• **WHAT YOU ARE ASKED TO DO**
Look below for the lines from the one with "Pendientes Arlene Silver" to the one with "T-shirt Volity Fluxx - les appareils", and copy exactly those lines, both ends included.

• **DATA**
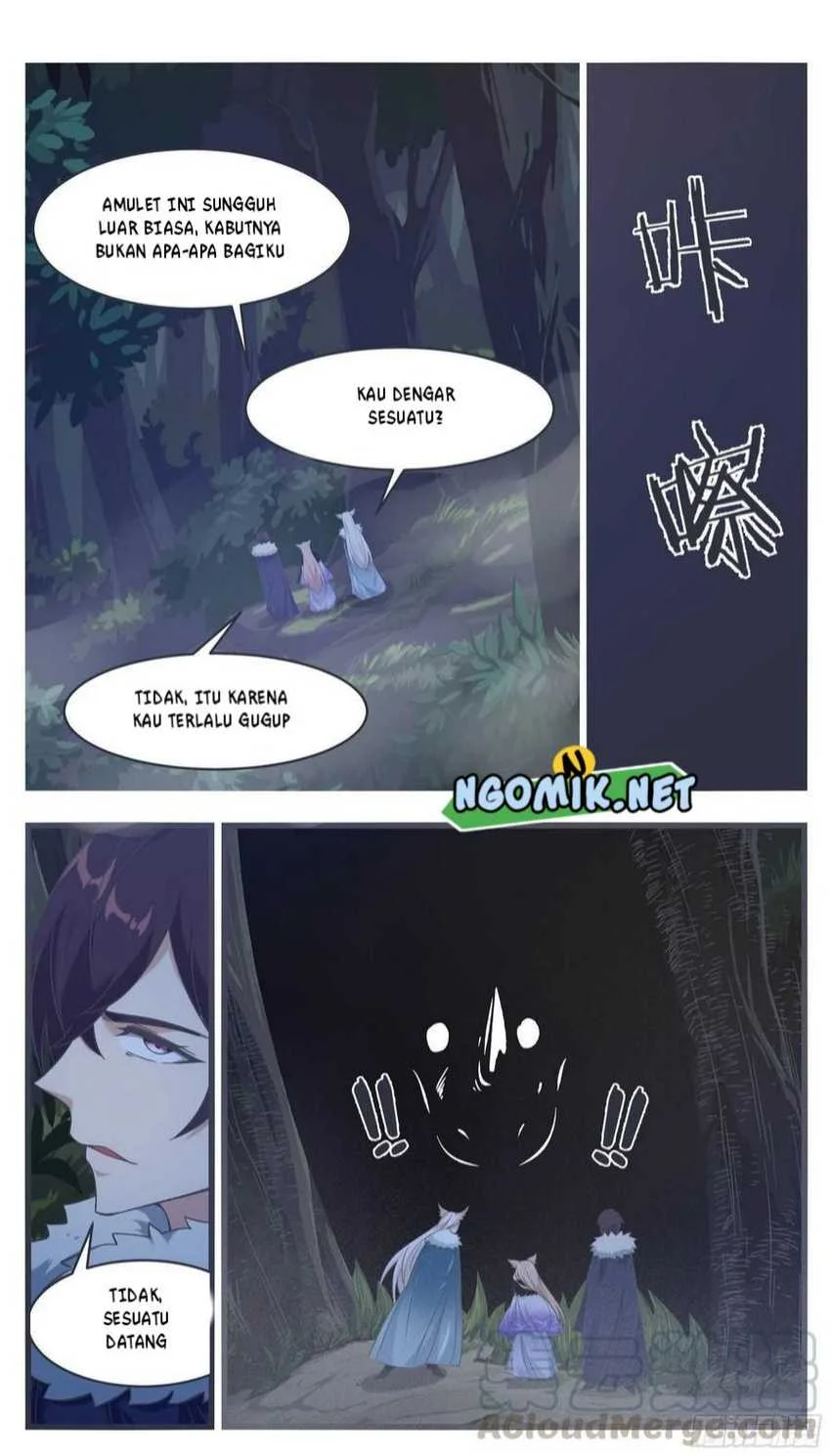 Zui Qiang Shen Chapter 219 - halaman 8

==

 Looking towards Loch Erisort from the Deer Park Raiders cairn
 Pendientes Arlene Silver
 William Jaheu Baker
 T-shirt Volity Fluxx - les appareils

• **SOLVED EXERCISE**
 Pendientes Arlene Silver
 William Jaheu Baker
 T-shirt Volity Fluxx - les appareils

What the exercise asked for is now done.